* WHAT IS BEING ASKED:
The range runs from the line containing "Πόλο Ηλεκτρικής Ενέργειας" through the last line of the material below; retype it exactly, leaving out the pictures.

* RECORDED INFORMATION:
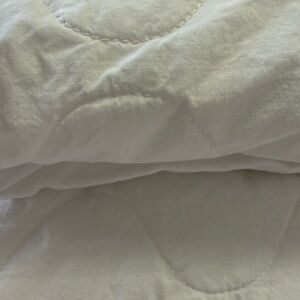 NewPoint White Down alternative set of 2 twin mattress covers with deep pockets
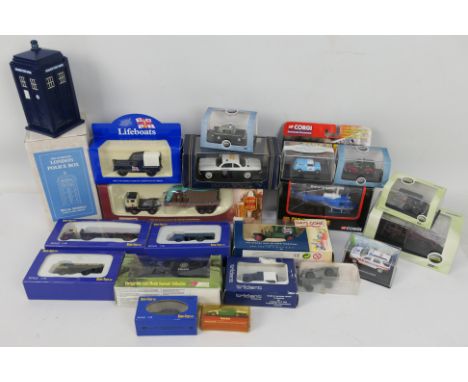 Corgi - Oxford Diecast - Base Toys - Lledo - Herpa - Others - A boxed collection of boxed diecast predominately 'Emergency' t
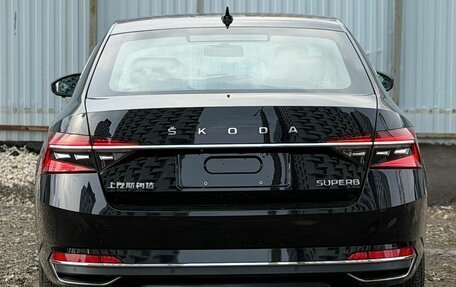 Skoda Superb III рестайлинг, 2025 год, 2 950 000 рублей, 5 фотография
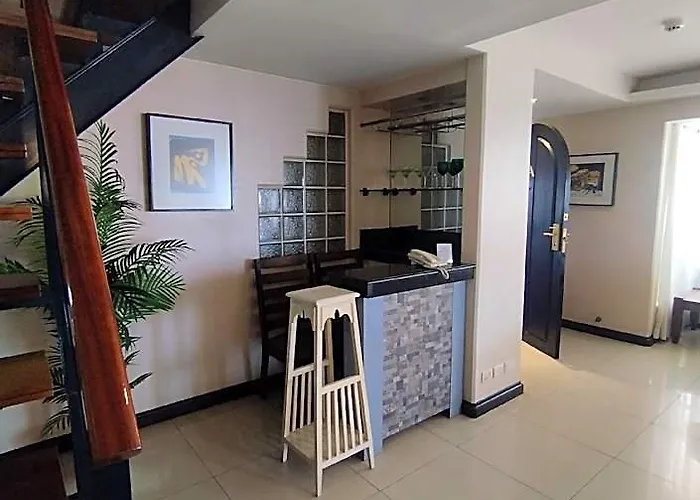 Ralph Anthony Aparthotel
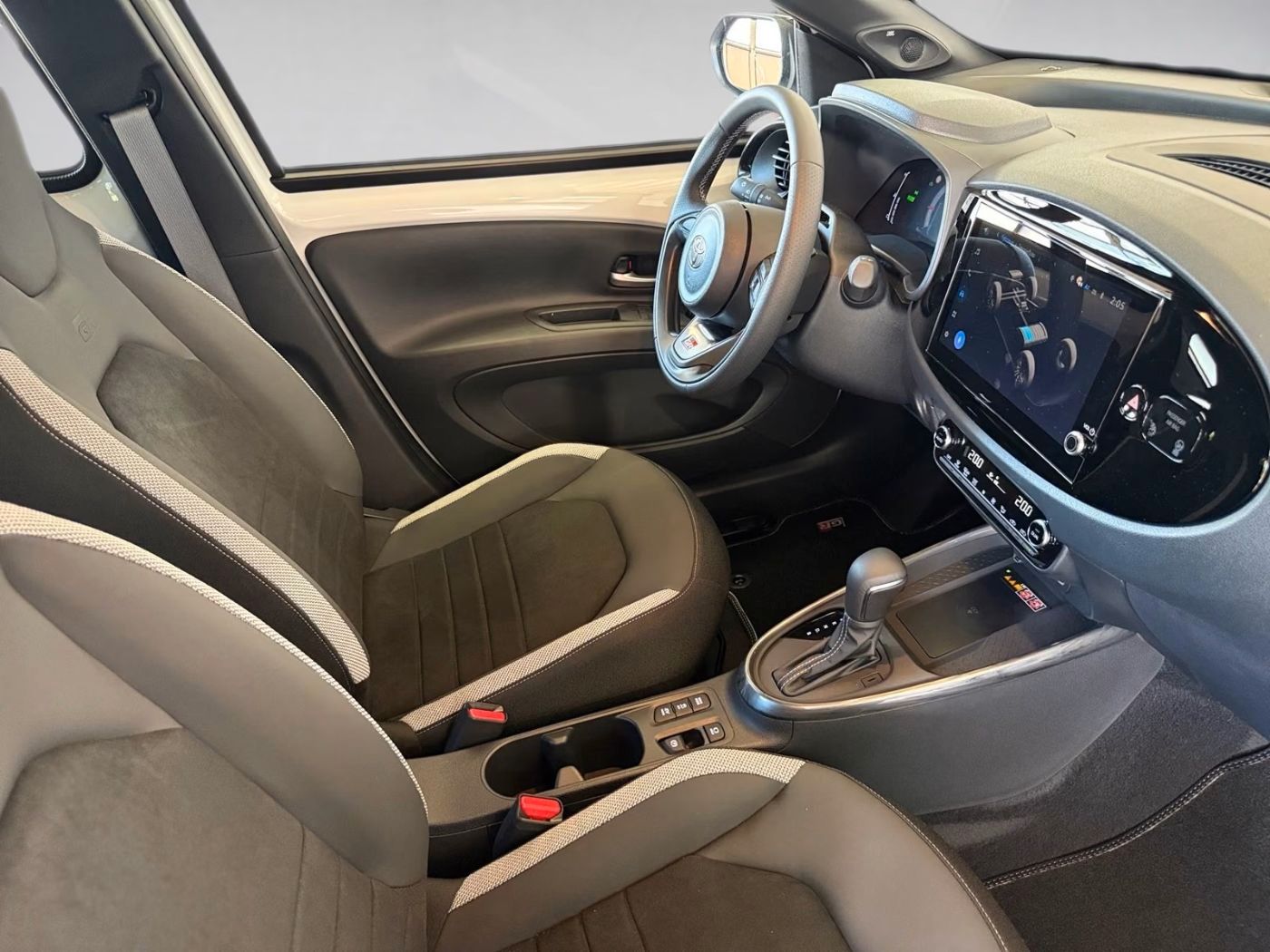 Fahrzeugabbildung Toyota Aygo X 1.5 GR SPORT KAMERA LED NAVI ACC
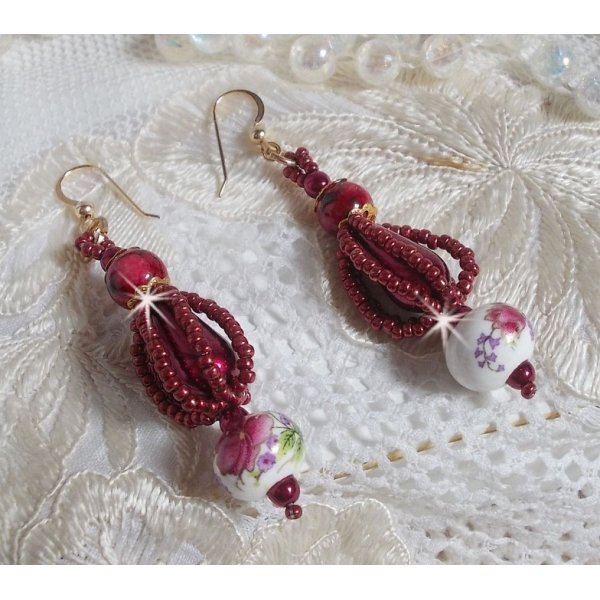 BO Art'D monterad med porslinsp&auml;rlor, p&auml;rlp&auml;rlor, Miyuki fr&ouml;p&auml;rlor och 14 karat guldfyllda &ouml;ronkrokar.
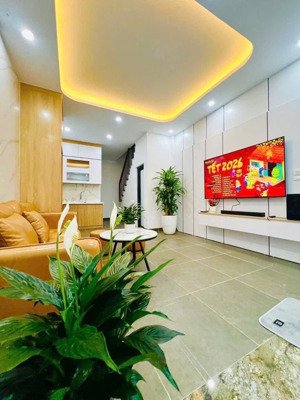 nhà phạm văn đồng, cầu giấy 6 tầng thang máy xây mới - gần phố, ba gác đỗ cửa. ra hqv 2p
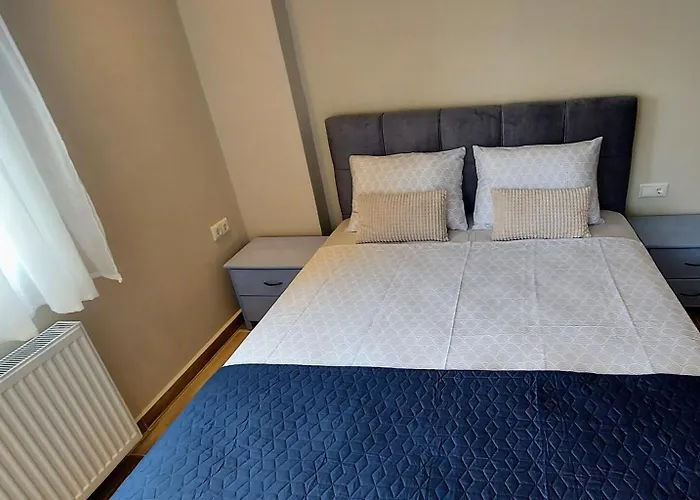 Manos\' Apartment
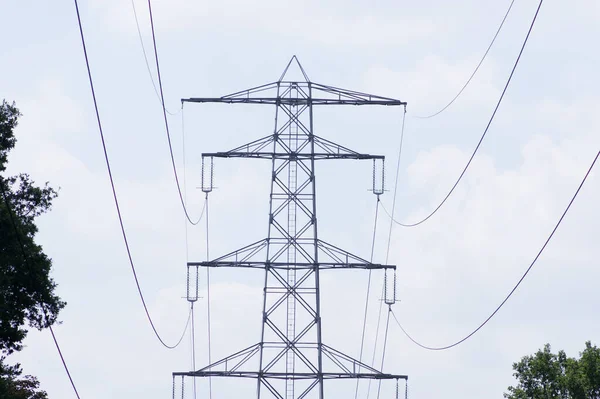 Πόλο Ηλεκτρικής Ενέργειας Για Μεταφορά Ηλεκτρικής Ενέργειας Θολό Φόντο — Φωτογραφία Αρχείου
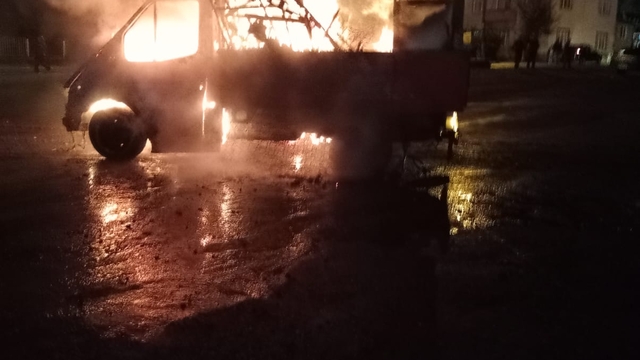 Tekkeköy'de park halindeki otomobil yandı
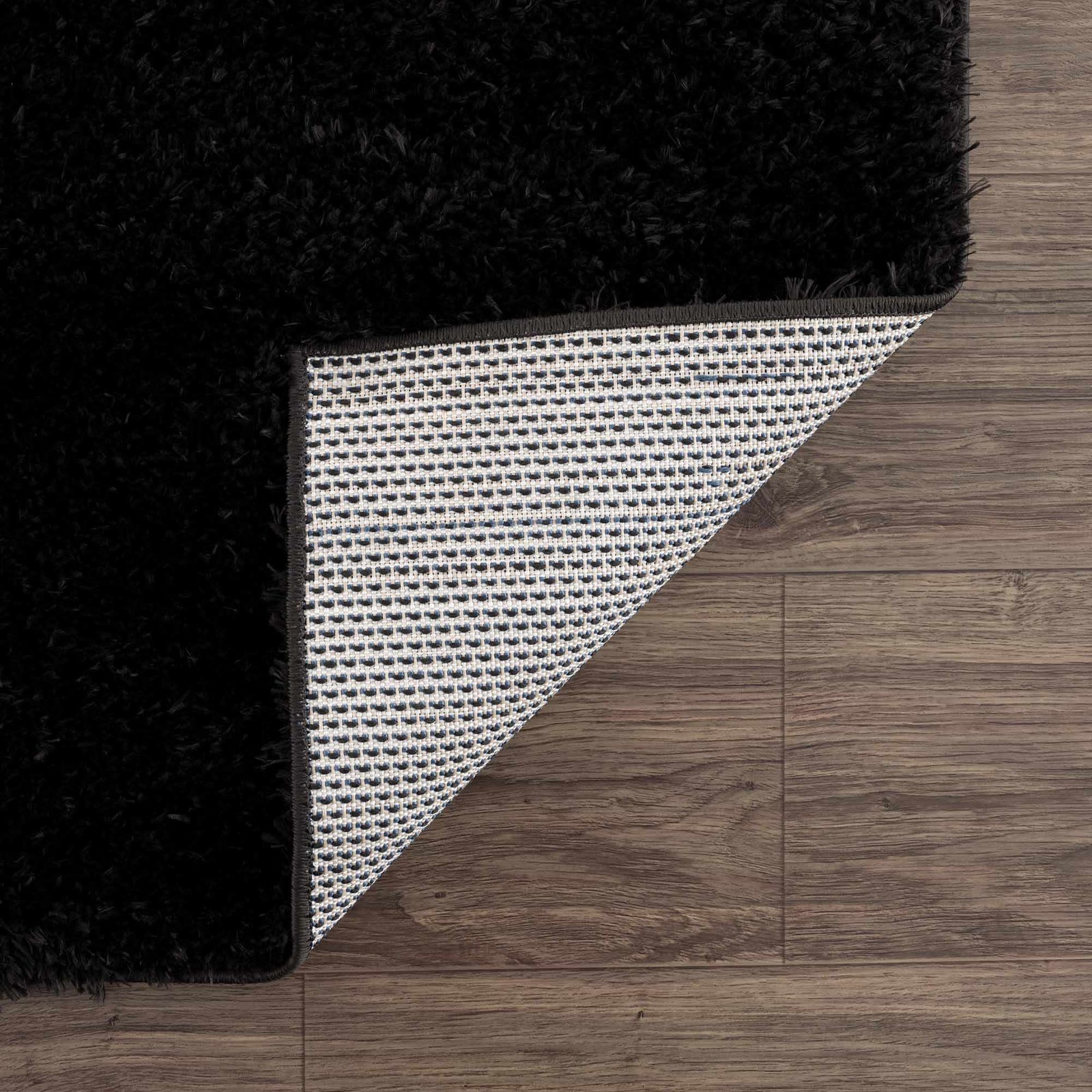 Alfombra peluda Faina de color negro liso lavable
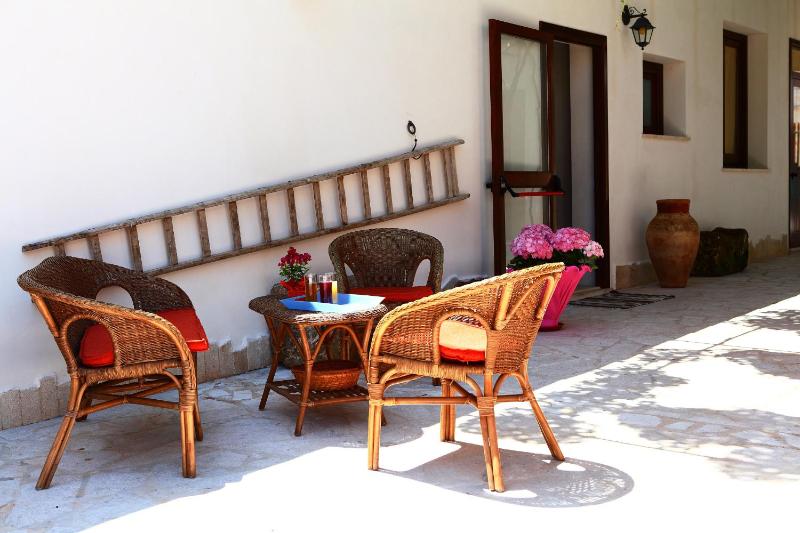 B&B Sabir - image 17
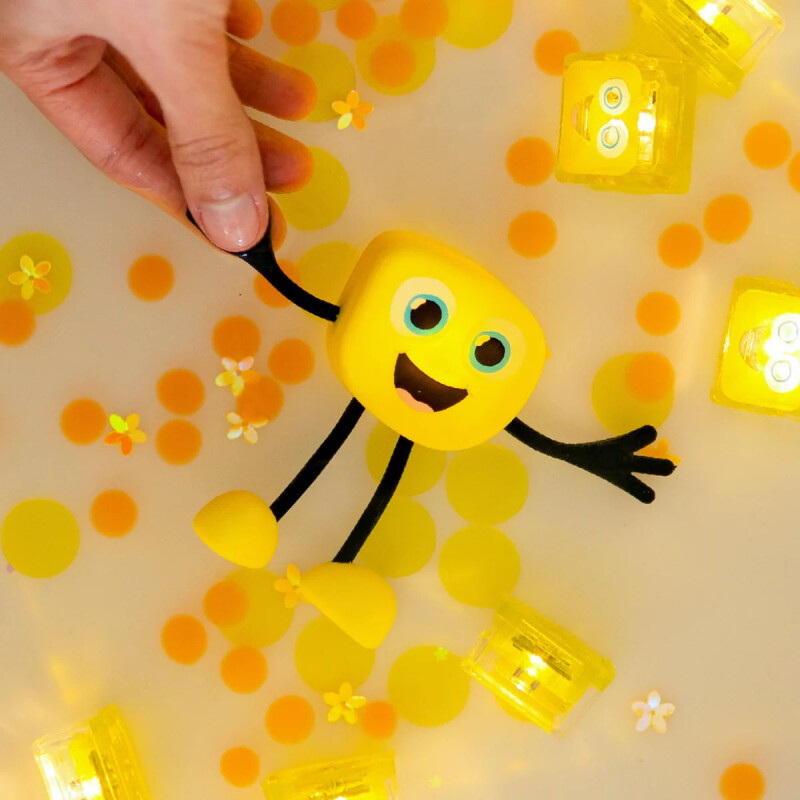 Glo Pals Set personaje + 2 cubos iluminados Amarillo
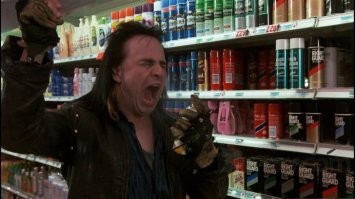 я даже знаю,кто главарь этой банды!))))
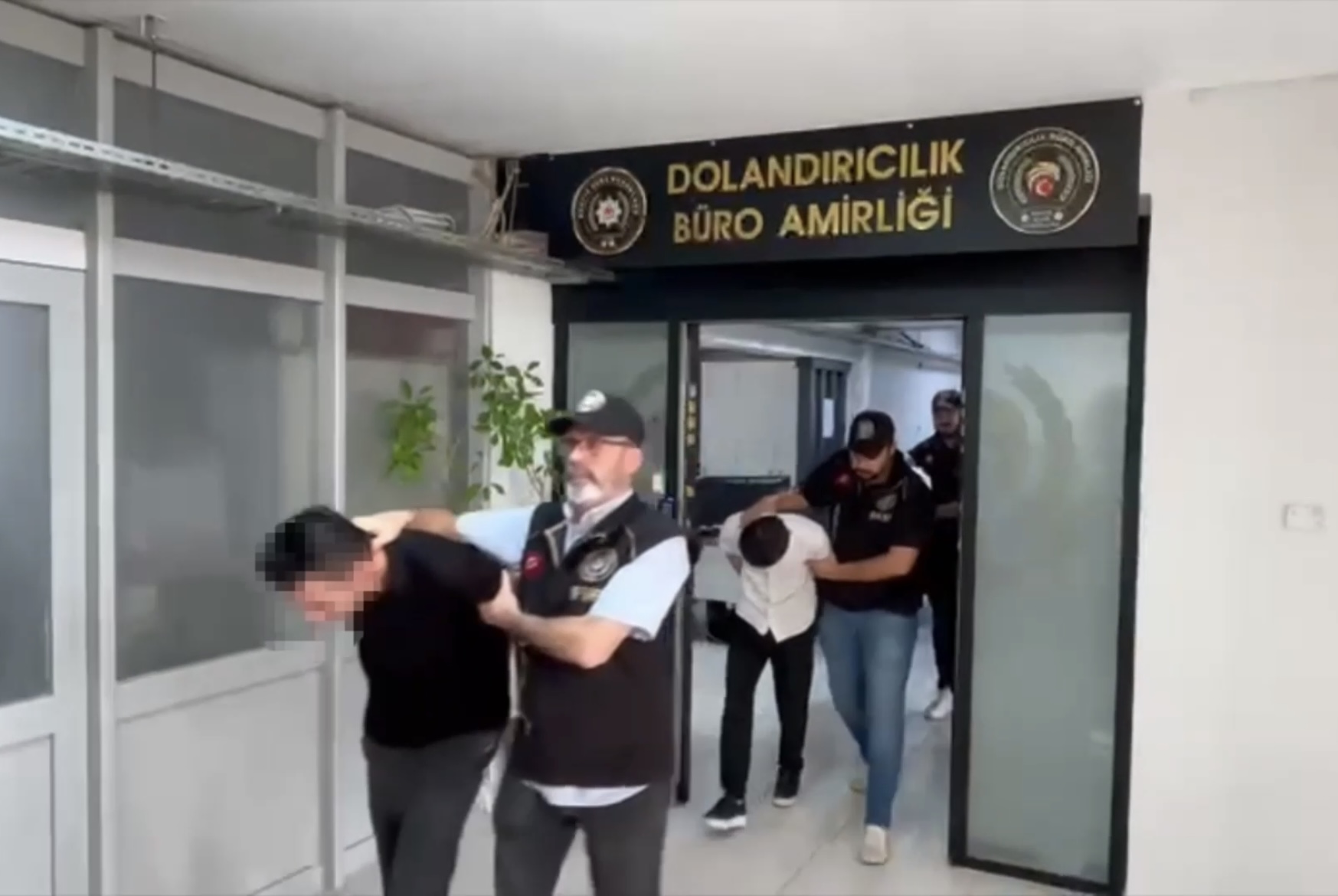 Bankacı Kılığına Girdiler, Adaletten Kaçamadılar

* TASK SOLUTION:
 Πόλο Ηλεκτρικής Ενέργειας Για Μεταφορά Ηλεκτρικής Ενέργειας Θολό Φόντο — Φωτογραφία Αρχείου
 Tekkeköy'de park halindeki otomobil yandı
 Alfombra peluda Faina de color negro liso lavable
 B&B Sabir - image 17
 Glo Pals Set personaje + 2 cubos iluminados Amarillo
 я даже знаю,кто главарь этой банды!))))
 Bankacı Kılığına Girdiler, Adaletten Kaçamadılar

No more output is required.